Article Preview
TopIntroduction
Online language learning is gaining popularity, with many sites offering forms of mutual correction. This involves the pairing of language learners from different native language backgrounds, who correct each other’s writing as a native speaker of the language. This circumstance differs from a traditional classroom setting as it lacks a teacher to guide the language learning process, and is essentially a student-to-student relation. Previous research (Flanagan, 2013) has proposed the use of automatically generated quizzes as a method for reflecting on past errors made by online language learners. However, a method of detecting errors is required in order for a learner to practice similar errors that they have made. Also, the profile of a foreign language learner can contain valuable information about possible problems they will face during the learning process, and could be used to help personalize feedback. A particularly important attribute of a foreign language learner is their native language background as it defines their known language knowledge. Native Language Identification (NLI) is a process of determining the native language of a foreign language learner by analyzing a piece of their writing. Fundamentally, this problem can be thought of as the process of identifying characteristic features that represent the application of a learner’s native language knowledge in the use of the language that they are learning. Previous research has shown that learners from different native language backgrounds have different characteristics in their use of foreign language (Swan, 2001). Recently, research into the automation of NLI has been gaining in popularity and there are several practical applications to which the process could be applied, such as: providing targeted feedback on detected and potential errors in learner writing based on known problems for native language groups, and forensic linguistic author profiling where the native language of the author can be an important feature for investigation (Tetreault, 2013).
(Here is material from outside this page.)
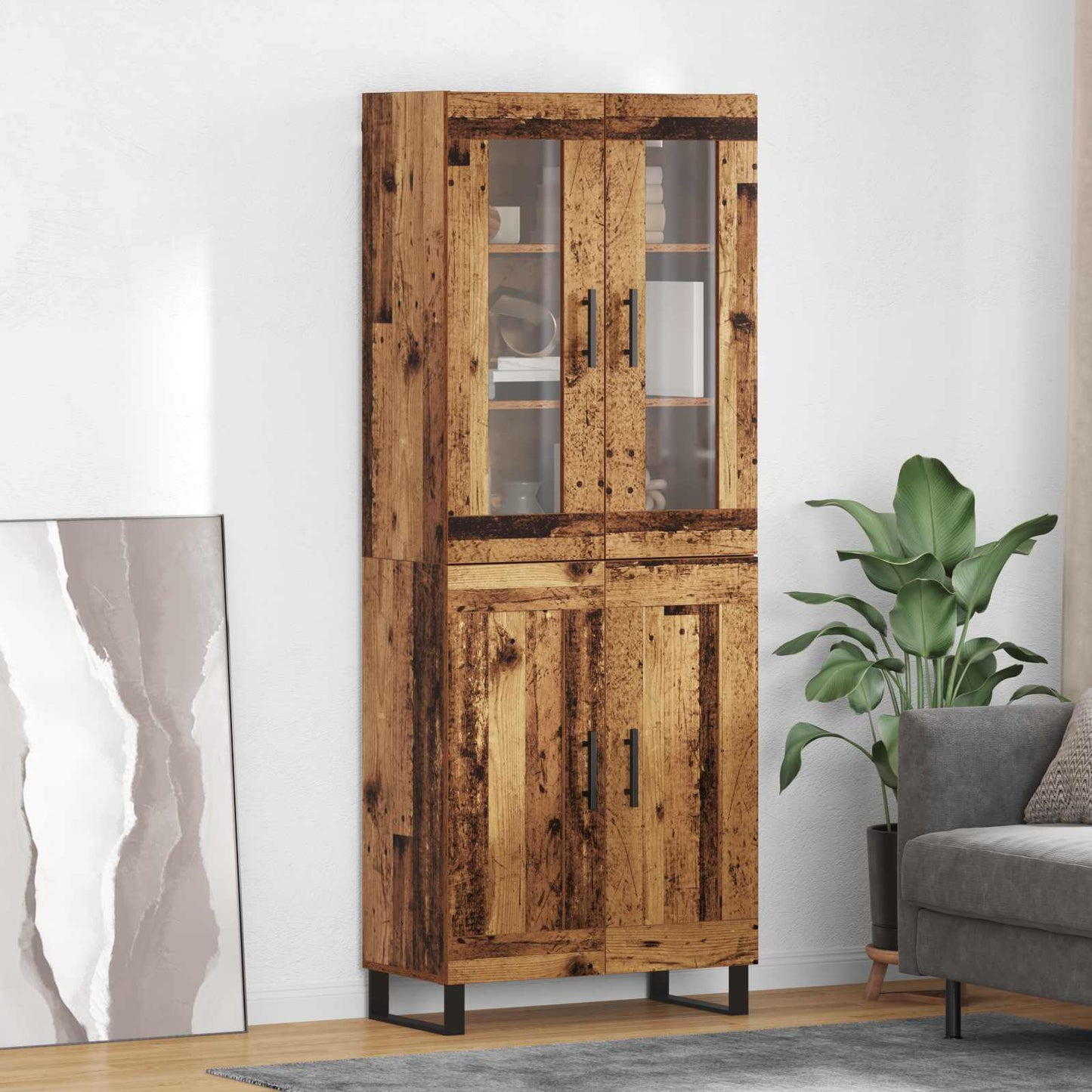 vidaXL Highboard 2 pcs Παλιό Ξύλο Επεξεργασμένο ξύλο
In this paper, we approach the problem of identifying characteristic differences and the classification of learner native languages from the perspective of writing errors. The basis for this is that learner writing can contain words, in particular nouns, that have a strong relationship with the learner’s native language. While these words can be a good indicator of the learner’s native language, the use is highly dependent on the subject or theme of the writing and less to do with the language learning process, for example: the differences in the nouns used by a learner writing a personal diary versus those used in an essay on a subject that requires specialist nouns, such as computer science, and mathematics. Analysis on learner writing errors is less dependent on the subject of the writing as the target of analysis is based on writing error concepts rather than the actual words of the learners’ writing.
A set of 15 predicted writing error scores made from the normalized output of 15 different Support Vector Machine (SVM) classifiers trained in previous research (Flanagan, 2013) are used as the basis of this analysis. We refer to these predicted writing error scores as a 15-dimension error prediction vector. Preliminary investigation by clustering will be used to show the differences of co-occurring writing errors between native language groups. The error prediction vector will then be analyzed by SVM machine learning to classify a learner’s native language. As a naïve baseline for comparison we will classify the native language using all words to compare the effectiveness of the proposed method. In the final section of this paper, we will examine the influence of words that have strong cultural or nationalistic relations, such as nouns representing: people, places, food, religion, etc. A method of removing words that are characteristic to a native language will be proposed. This method will then be applied to filter out cultural or nationalistic words from the corpus to provide an alternative “non-biased” baseline for critical evaluation of the proposed error prediction vector method.